■ **WORK ORDER**
Each line below from the "Clóset Matrimonial Venus" line through the "Nóż składany Tekto" line, those two included, must be restated word for word; the pictures must not be.

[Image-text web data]

=== Begin Enclosure ===

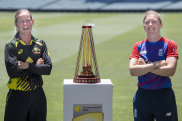 Meg Lanning (left) and Heather Knights (right) with the Women’s Ashes trophy in Adelaide on Wednesday. 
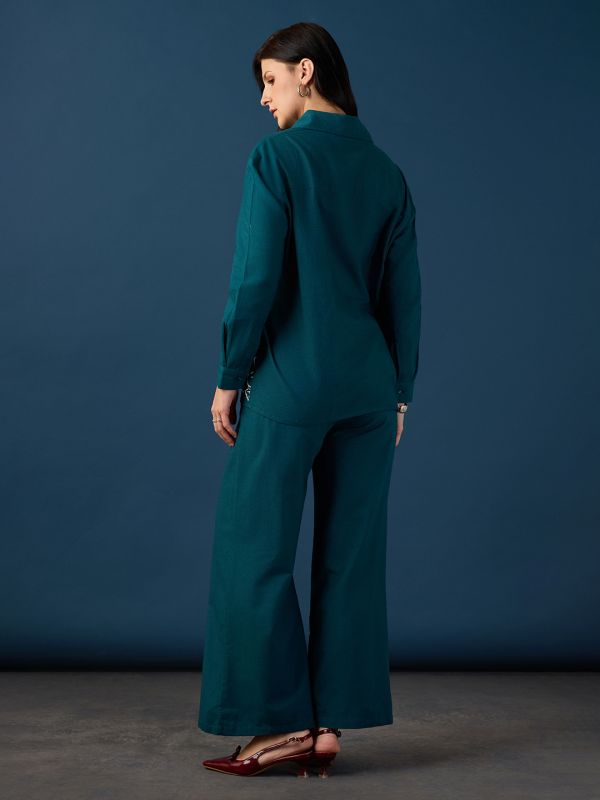 Globus Women Teal Shirt Collar Drop Shoulder Cuffed Sleeves Floral Embroidered Shirt & Wide Leg Trousers Co-Ord Set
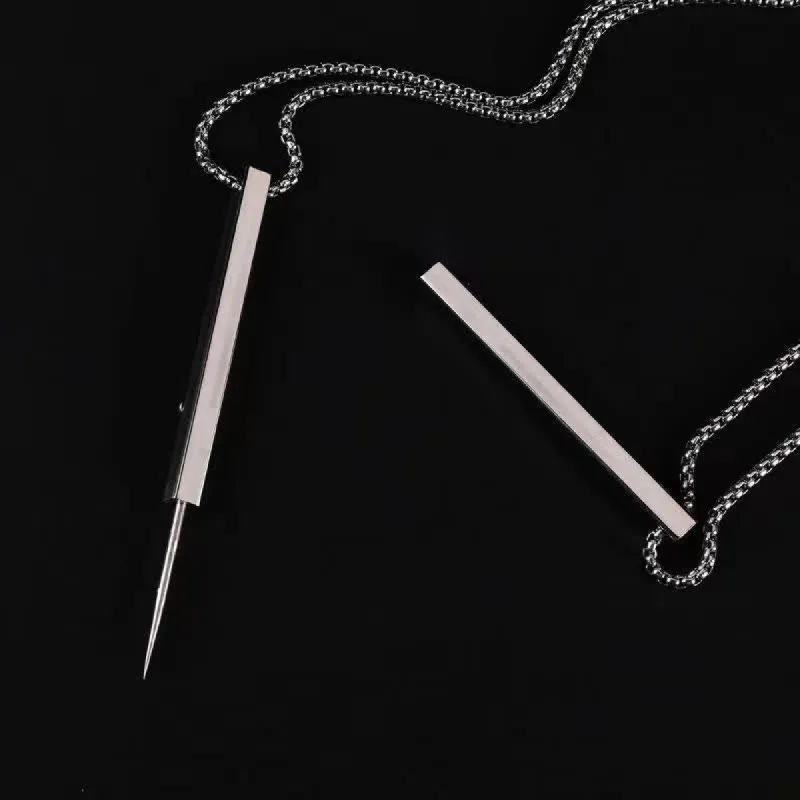 Portable Steel Needle Fashion Rectangle Pendant Necklace sold by FloralTrip
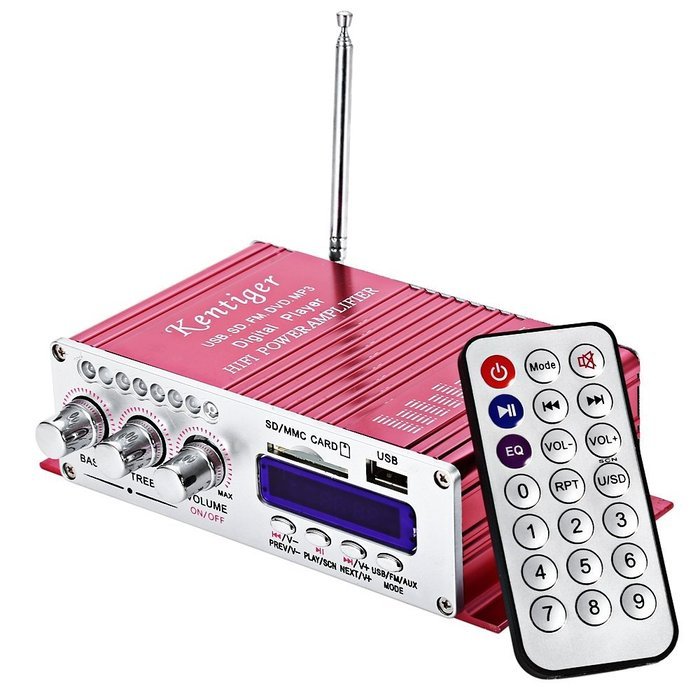 Robolife USB Hi-Fi Stereo Output Power Amplifier with Remote Control SD Card Player Red N3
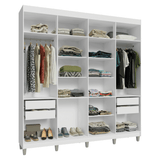 Clóset Matrimonial Venus 216 cm Sin Puertas con Patas 4 Cajones Blanco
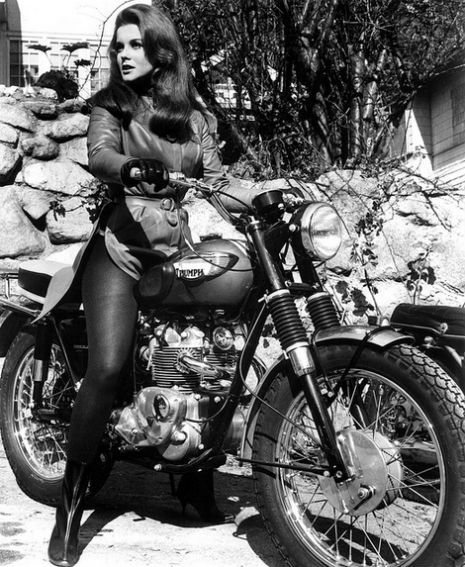 The Girls on their Motorcycles: Vintage photos of kickass women and their rides | Dangerous Minds Ann-Margret rode a classic Triumph T100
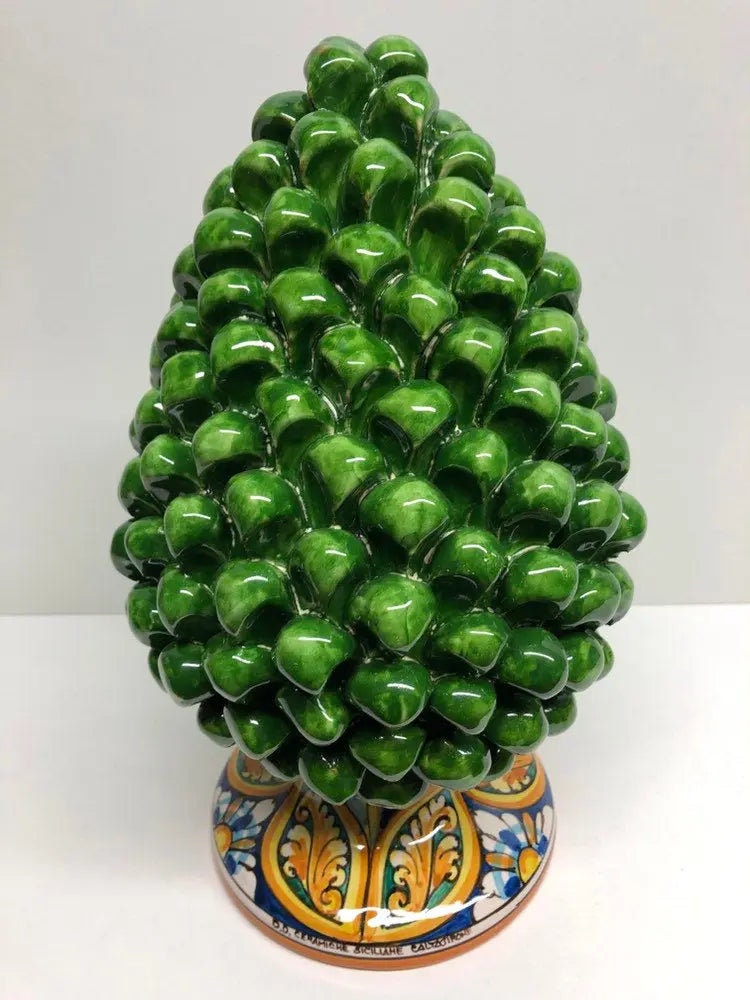 Pigna Ceramica Caltagirone cm H.30 Artigianale Verde Prato Base Decorata DD CERAMICHE SICILIANE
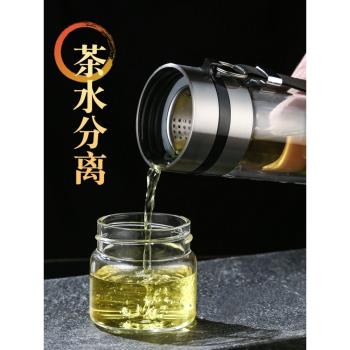 明一雅茶水分離杯泡茶杯便攜過濾杯子男女專用茶道雙層玻璃水杯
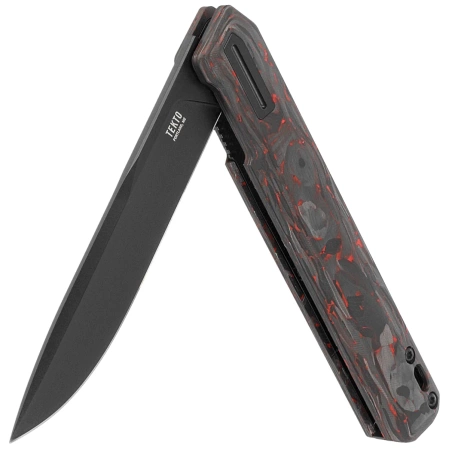 Nóż składany Tekto F2 Bravo Black/Red Forged Ember Carbon, Black HW/Clip, Black D2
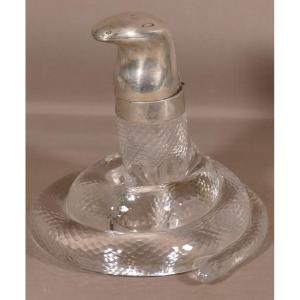 Snake Inkwell In Crystal And Sterling Silver, England 19th Century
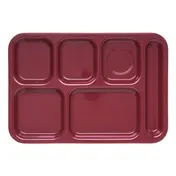 Carlisle 4398885 6-Compartment Tray, 14-1/2" x 10", Cranberry Melamine, NSF, Dishwasher Safe 2 image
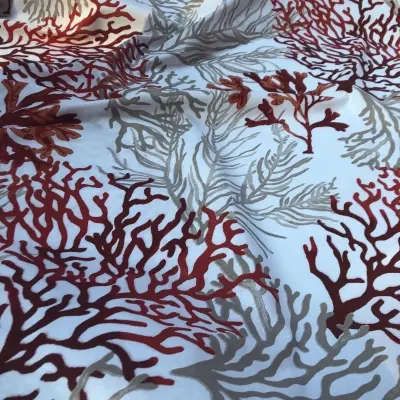 Özel Tasarım Pamuk Kumaş, Perde, Elbise, Koltuk İçin, Beyaz zemin üzerine Mercan Desenli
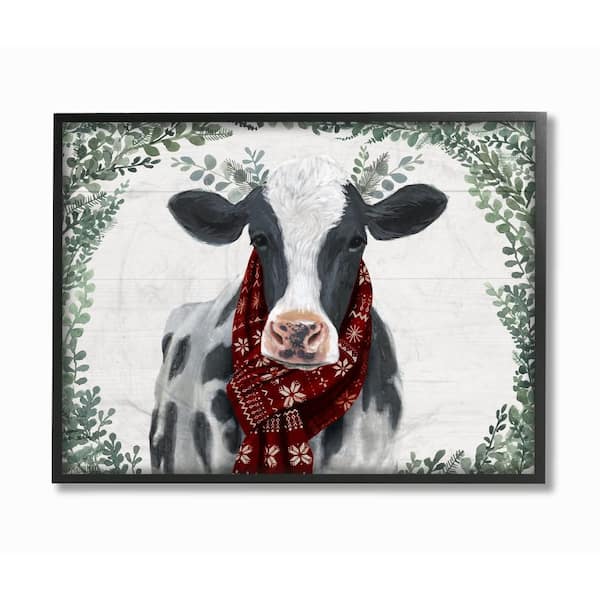 Stupell Industries 11 in. x 14 in. "Holiday Farmhouse Cow With Scarf and Boxwood Leaves" by Artist Victoria Borges Framed Wall Art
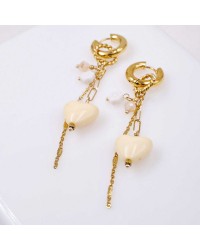 Handmade stainless steel dangle earrings Handmade stainless steel dangle earrings with 24K gold-plating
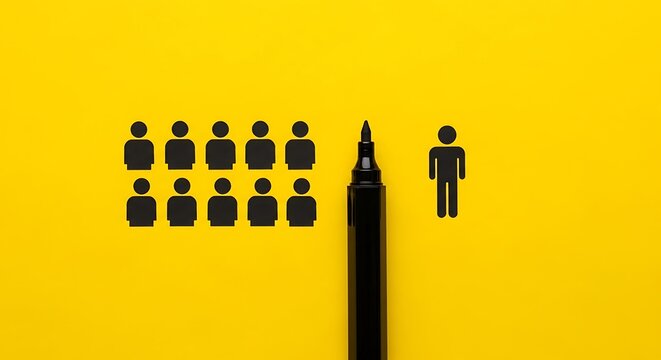 Minimalist leadership concept with black marker and human icons, unique individual standing out from the crowd, business recruitment and talent selection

=== End Enclosure ===

■ **EXERCISE RESULT**
 Clóset Matrimonial Venus 216 cm Sin Puertas con Patas 4 Cajones Blanco
 The Girls on their Motorcycles: Vintage photos of kickass women and their rides | Dangerous Minds Ann-Margret rode a classic Triumph T100
 Pigna Ceramica Caltagirone cm H.30 Artigianale Verde Prato Base Decorata DD CERAMICHE SICILIANE
 明一雅茶水分離杯泡茶杯便攜過濾杯子男女專用茶道雙層玻璃水杯
 Nóż składany Tekto F2 Bravo Black/Red Forged Ember Carbon, Black HW/Clip, Black D2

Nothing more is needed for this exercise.